What is UK Government's Plan B for rising Covid cases in England?

By Robbie Purves

In a briefing outlining its plans to contain Covid-19 during the autumn and winter months in England, Prime Minister Boris Johnson outlined what could be in store.

The speech included a Plan A and Plan B, with Plan B only being deployed, should Covid-19 cases surge in England with the danger of overwhelming the NHS. However, if the pandemic has taught us anything, it is to expect the worst and prepare for it. These measures will only apply to England. According to Health Secretary Sajid Javid Plan A will:

  • Encourage the unvaccinated to be jabbed
  • Offer vaccination to 12 to 15-year-olds
  • Begin a booster jab programme for millions, including over 50s

READ MORE: Covid morning updates as experts warn hospital admissions in England could soon hit 7,000 a day

The Sage committee expect cases to steadily rise in the coming months, despite over 81% of UK adults now being fully vaccinated.

Now that almost all Covid-19 restrictions have been eased, however, it leaves six million citizens unvaccinated and vulnerable to the highly contagious Delta variant.

Plan A continues to encourage businesses to use the NHS Covid Pass app to check the vaccination status of customers.

This is despite the Government scraping recent plans to enforce vaccination passports at public gatherings.

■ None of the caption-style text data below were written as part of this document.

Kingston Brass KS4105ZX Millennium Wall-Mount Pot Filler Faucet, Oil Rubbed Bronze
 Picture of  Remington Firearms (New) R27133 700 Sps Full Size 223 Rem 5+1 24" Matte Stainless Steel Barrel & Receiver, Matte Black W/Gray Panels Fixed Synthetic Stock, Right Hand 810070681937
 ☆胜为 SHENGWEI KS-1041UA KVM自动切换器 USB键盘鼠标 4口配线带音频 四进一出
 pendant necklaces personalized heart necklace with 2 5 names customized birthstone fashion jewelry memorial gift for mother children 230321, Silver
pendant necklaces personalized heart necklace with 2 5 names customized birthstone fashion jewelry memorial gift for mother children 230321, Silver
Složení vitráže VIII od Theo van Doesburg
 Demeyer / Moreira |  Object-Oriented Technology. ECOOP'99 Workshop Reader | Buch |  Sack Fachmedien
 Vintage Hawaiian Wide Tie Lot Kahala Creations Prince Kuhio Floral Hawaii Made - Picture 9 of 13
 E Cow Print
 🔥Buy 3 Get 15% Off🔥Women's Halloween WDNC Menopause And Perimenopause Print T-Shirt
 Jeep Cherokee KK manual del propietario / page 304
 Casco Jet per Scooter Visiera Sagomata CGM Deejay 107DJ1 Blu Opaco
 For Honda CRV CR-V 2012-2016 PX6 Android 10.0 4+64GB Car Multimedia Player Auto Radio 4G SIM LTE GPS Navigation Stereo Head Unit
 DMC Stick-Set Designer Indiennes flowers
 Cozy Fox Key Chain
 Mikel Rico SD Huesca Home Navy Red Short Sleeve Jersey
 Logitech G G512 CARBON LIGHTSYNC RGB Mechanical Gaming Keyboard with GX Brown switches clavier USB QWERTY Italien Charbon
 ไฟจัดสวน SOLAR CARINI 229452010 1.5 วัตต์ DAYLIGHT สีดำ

Along with the use of the app, major testing, tracing and self-isolating programmes will continue.

What is Plan B?

What the Government describes as their 'last resort', Plan B features more radical steps to halt an autumn/winter case surge.

Unlike in Scotland and Wales, face masks have not been mandatory in English shops and on public transport since 19 July.

But the rolling out of Plan B could see them return with a legal mandate.

According to the Government, measures may include:

  • Asking the public to act more cautiously, which appears to be a vague reference to using 'common sense'
  • Introducing mandatory vaccine passports, used for the likes of nightclubs, pubs, restaurants and sporting events
  • Legally requiring face masks in 'some settings'

Despite the formulation of these plans, travel industry experts are expecting the Government to ease restrictions on international movement.

Potentially removing the current traffic light system, that assigns every nation a colour based on Covid-19 infection risk.